Is there an easy way of accomplishing this with Table Subset's current options ? I could not see anything that could help me.

I also tried a formula, basically NormalDensity (X, mu, sigma) to plot the densities of the "data" against the given distribution.

But I still don't know how to say uniformly & randomly select from this formula so my outcome is as close as possible to the given distribution.

Thx. Appreciate the support.

ian_jmp · Oct 17, 2018 06:08 AM

If "So bottom line, I need to sub-select from 400K+ rows a number of sub-samples so that the distribution for the selected sub-sample is as close as possible to the given distribution" is what you want, maybe you could use this kind of approach, or something close to it?

NamesDefaultToHere(1);

// Make a big table
dt1 = NewTable("Big", NewColumn("Values", Numeric, Continuous, Formula(RandomUniform(-3,3))));
dt1 << addRows(40000);
dt1 << runFormulas;
Column(dt1, "Values") << deleteFormula;

// Make a small table
dt2 = NewTable("Small", NewColumn("Values", Numeric, Continuous, Formula(RandomNormal(0,1))));
dt2 << addRows(40);
dt2 << runFormulas;
Column(dt2, "Values") << deleteFormula;

// For each value in dt2, find a value in dt1 that's closest
bv = Column(dt1, "Values") << getValues;
sv = Column(dt2, "Values") << getValues;
selectedRows = J(NRow(sv), 1, .);
for(i=1, i<=NRow(sv), i++,
	dist = (bv - sv[i])^2;
	selectedRows[i] = LocMin(dist);
);

// Subset dt1
dt3 = dt1 << subset(rows(selectedRows), LinkToOriginalDataTable(1));

// Look at the distributions
NewWindow("Compare Distributions",
	HListBox(
		dt1 << Distribution( Continuous Distribution( Column( :Values ) ) ),
		dt2 << Distribution( Continuous Distribution( Column( :Values ) ) ),
		dt3 << Distribution( Continuous Distribution( Column( :Values ) ) )
		)
	);

View solution in original post

Jeff_Perkinson · Oct 17, 2018 05:58 PM

The approach that @ian_jmp found was the first thing I tried, but I abandoned it too early apparently as Ian found a way to overcome some shortcomings that I ran into. Nice job.

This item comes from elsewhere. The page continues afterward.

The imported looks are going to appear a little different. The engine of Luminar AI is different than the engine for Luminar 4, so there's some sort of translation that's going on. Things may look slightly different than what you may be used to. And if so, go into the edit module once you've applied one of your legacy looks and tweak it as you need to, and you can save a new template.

As for eliminating resampling of rows, I believe that Ian was suggesting adding the line:

	bv[Loc Min( dist )] = .;

to the for() loop. Thusly:

Names Default To Here( 1 );

// Make a big table
dt1 = New Table( "Big",
	New Column( "Values", Numeric, Continuous, Formula( Random Uniform( -3, 3 ) ) ),
	New Column("Row", Formula(Row()))
);
dt1 << addRows( 40000 );
dt1 << runFormulas;
Column( dt1, "Values" ) << deleteFormula;

// Make a small table
dt2 = New Table( "Small",
	New Column( "Values", Numeric, Continuous, Formula( Random Normal( 0, 1 ) ) )
);
dt2 << addRows( 40 );
dt2 << runFormulas;
Column( dt2, "Values" ) << deleteFormula;

// For each value in dt2, find a value in dt1 that's closest
bv = Column( dt1, "Values" ) << getValues;
sv = Column( dt2, "Values" ) << getValues;
selectedRows = J( N Row( sv ), 1, . );
For( i = 1, i <= N Row( sv ), i++,
	dist = (bv - sv[i]) ^ 2;
	selectedRows[i] = Loc Min( dist );
	//the line below prevents rows from the "Big" table from being re-sampled
	bv[Loc Min( dist )] = .;
);

// Subset dt1
dt3 = dt1 << subset( rows( selectedRows ), LinkToOriginalDataTable( 1 ) );

// Look at the distributions
New Window( "Compare Distributions",
	H List Box(
		dt1 << Distribution( Continuous Distribution( Column( :Values ) ) ),
		dt2 << Distribution( Continuous Distribution( Column( :Values ) ) ),
		dt3 << Distribution( Continuous Distribution( Column( :Values ) ) )
	)
);

-Jeff

View solution in original post

Peter_Bartell · Oct 15, 2018 03:44 PM

Once you have your population column from which you want to sample, try out, this workflow:

1. Select the column from which you want to sample.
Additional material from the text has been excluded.